## Supplied material:
....

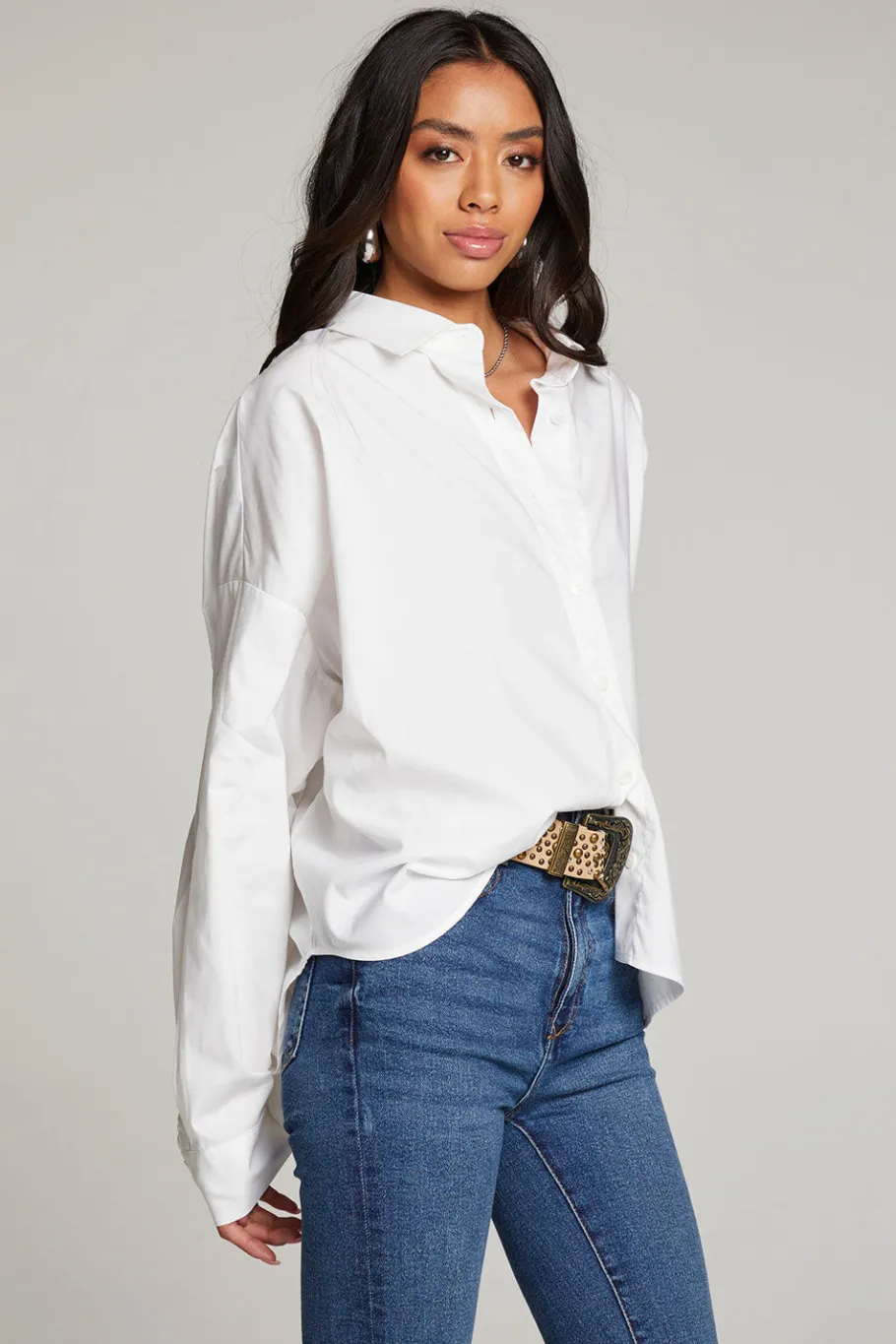 Cheap Chaser Brand Ezra White Button Up
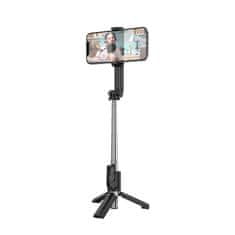 Borofone Bluetooth Selfie BY9 Stojan/Tripod Černý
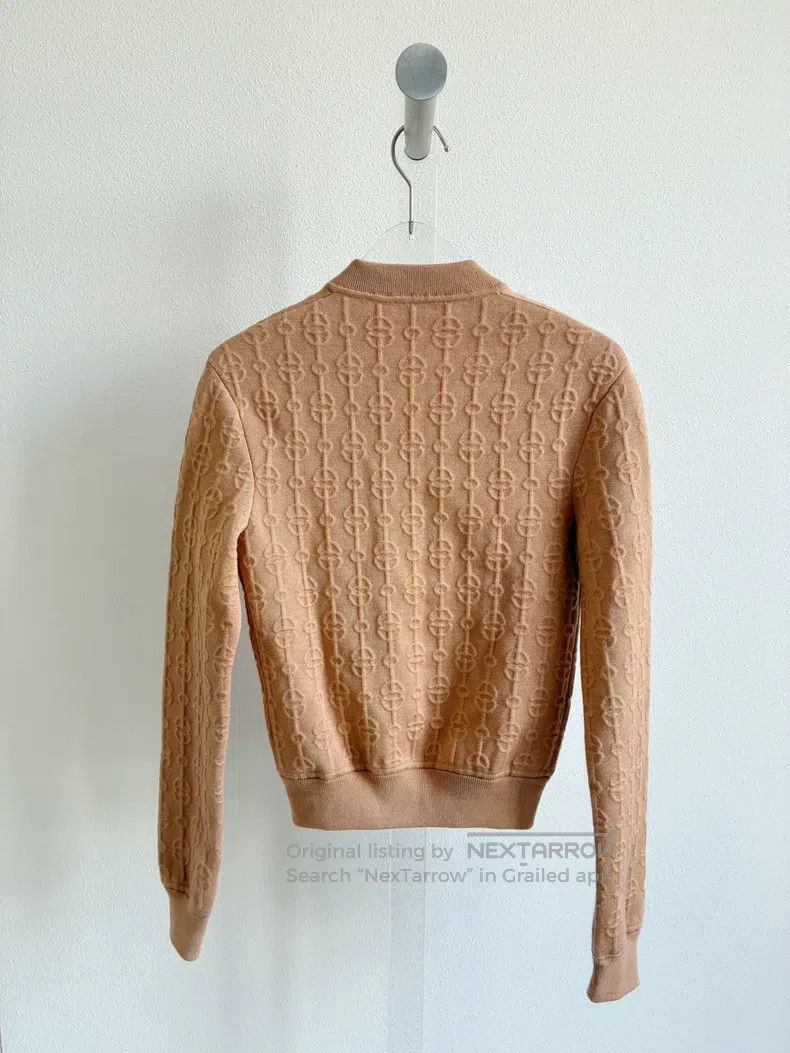 Hermes Hermes Khaki pig nose chain hidden pattern knitted zipper Size XXS / US 00 / IT 34 - 3 Thumbnail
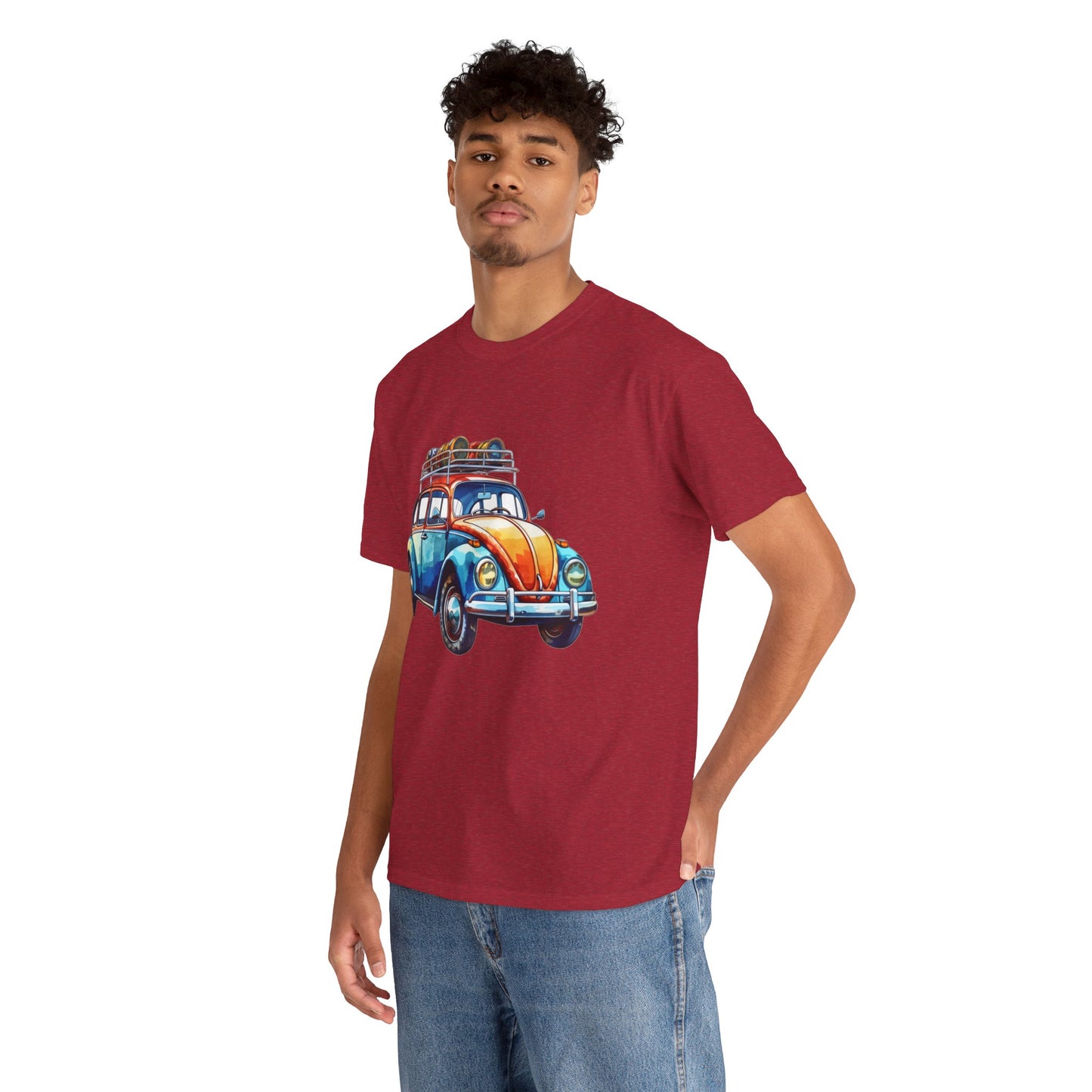 Road Trip Ready – Vintage VW Beetle Adventure Tee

....

## Goal of the exercise:
Exclude every picture, then reproduce the remaining data character for character.

## Reply:
 Cheap Chaser Brand Ezra White Button Up
 Borofone Bluetooth Selfie BY9 Stojan/Tripod Černý
 Hermes Hermes Khaki pig nose chain hidden pattern knitted zipper Size XXS / US 00 / IT 34 - 3 Thumbnail
 Road Trip Ready – Vintage VW Beetle Adventure Tee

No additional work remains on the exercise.